§ **ACTIVITY**
Below are records to return verbatim; the pictures are to be dropped.

-- INPUT RECORDS follows --

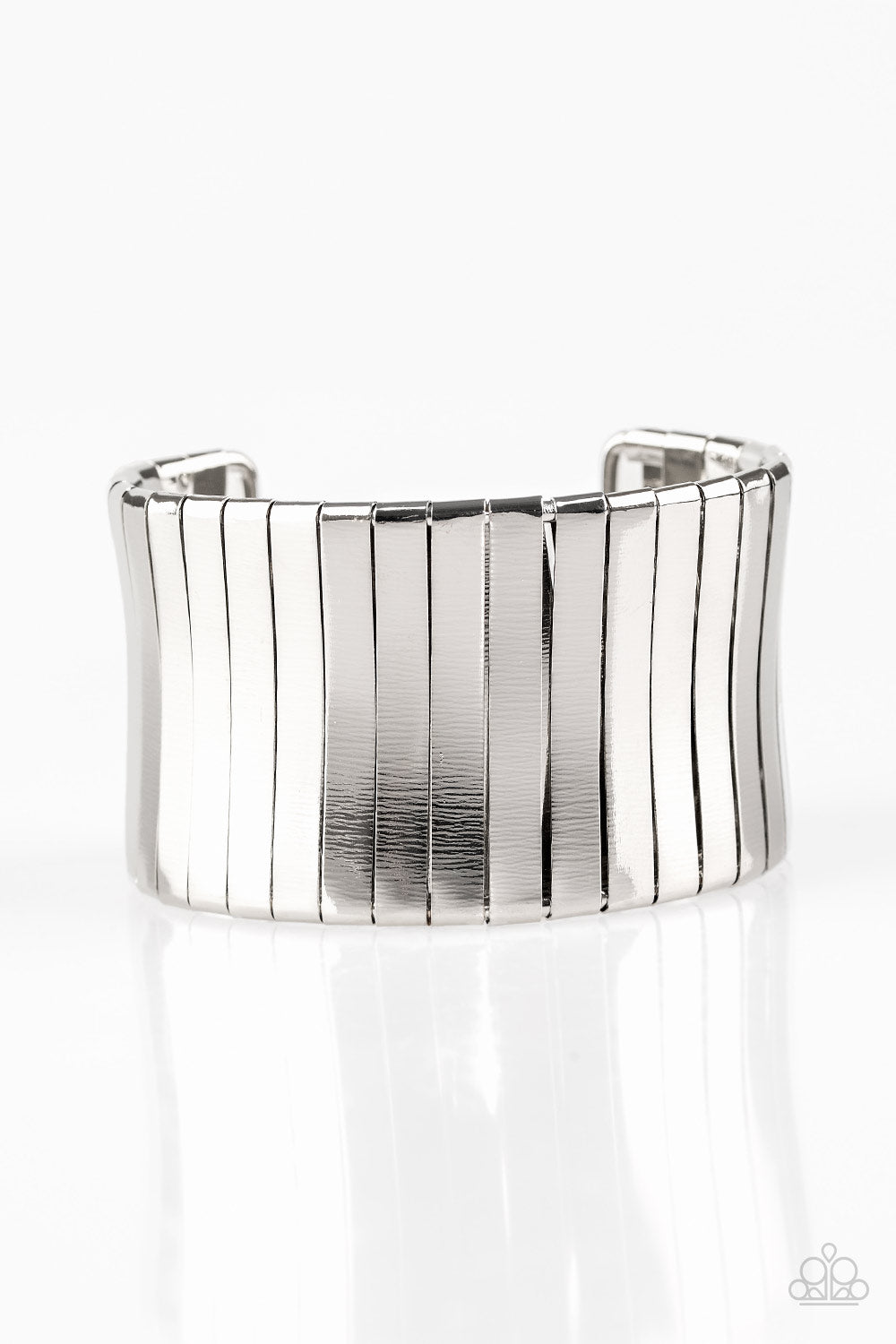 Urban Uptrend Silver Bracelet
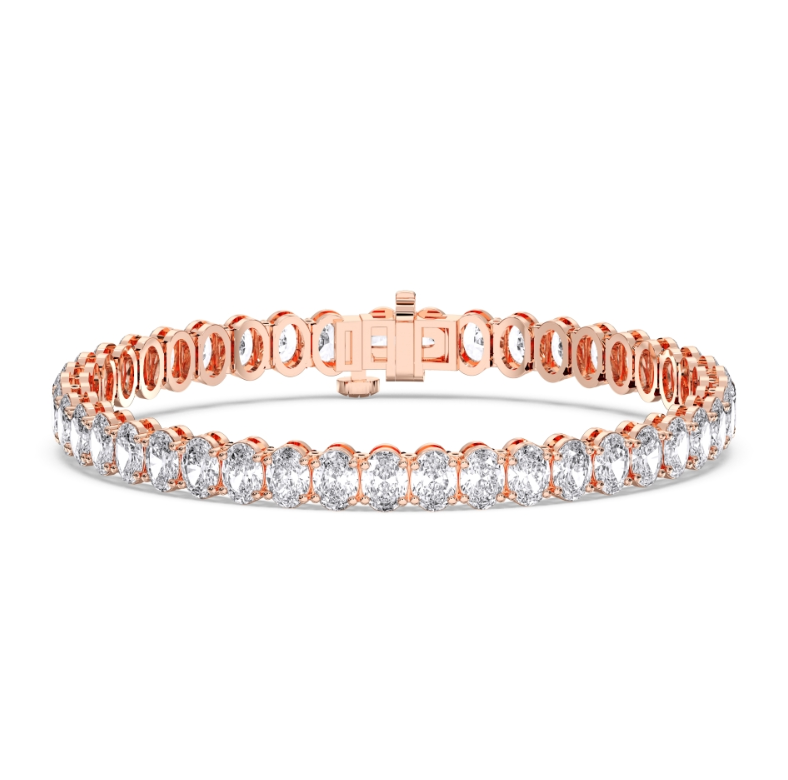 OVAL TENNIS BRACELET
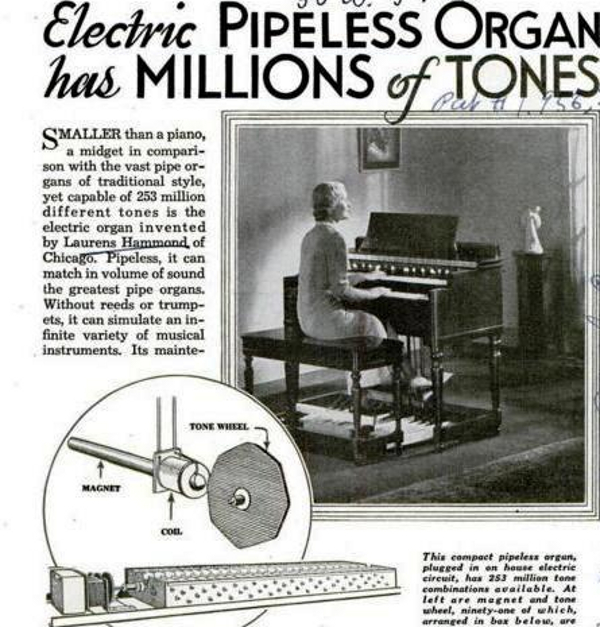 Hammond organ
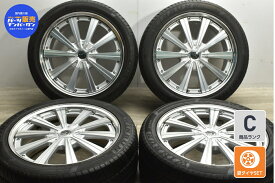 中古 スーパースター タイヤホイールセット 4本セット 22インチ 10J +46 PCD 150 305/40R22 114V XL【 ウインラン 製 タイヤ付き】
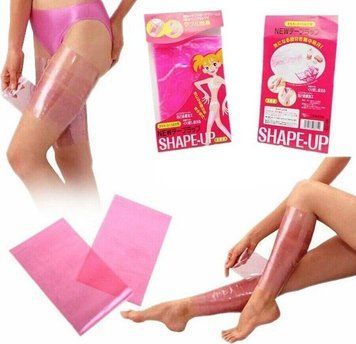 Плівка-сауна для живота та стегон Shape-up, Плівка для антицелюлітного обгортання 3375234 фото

-- INPUT RECORDS concluded --

§ **WRITTEN RESPONSE**
 Urban Uptrend Silver Bracelet
 OVAL TENNIS BRACELET
 Hammond organ
 中古 スーパースター タイヤホイールセット 4本セット 22インチ 10J +46 PCD 150 305/40R22 114V XL【 ウインラン 製 タイヤ付き】
 Плівка-сауна для живота та стегон Shape-up, Плівка для антицелюлітного обгортання 3375234 фото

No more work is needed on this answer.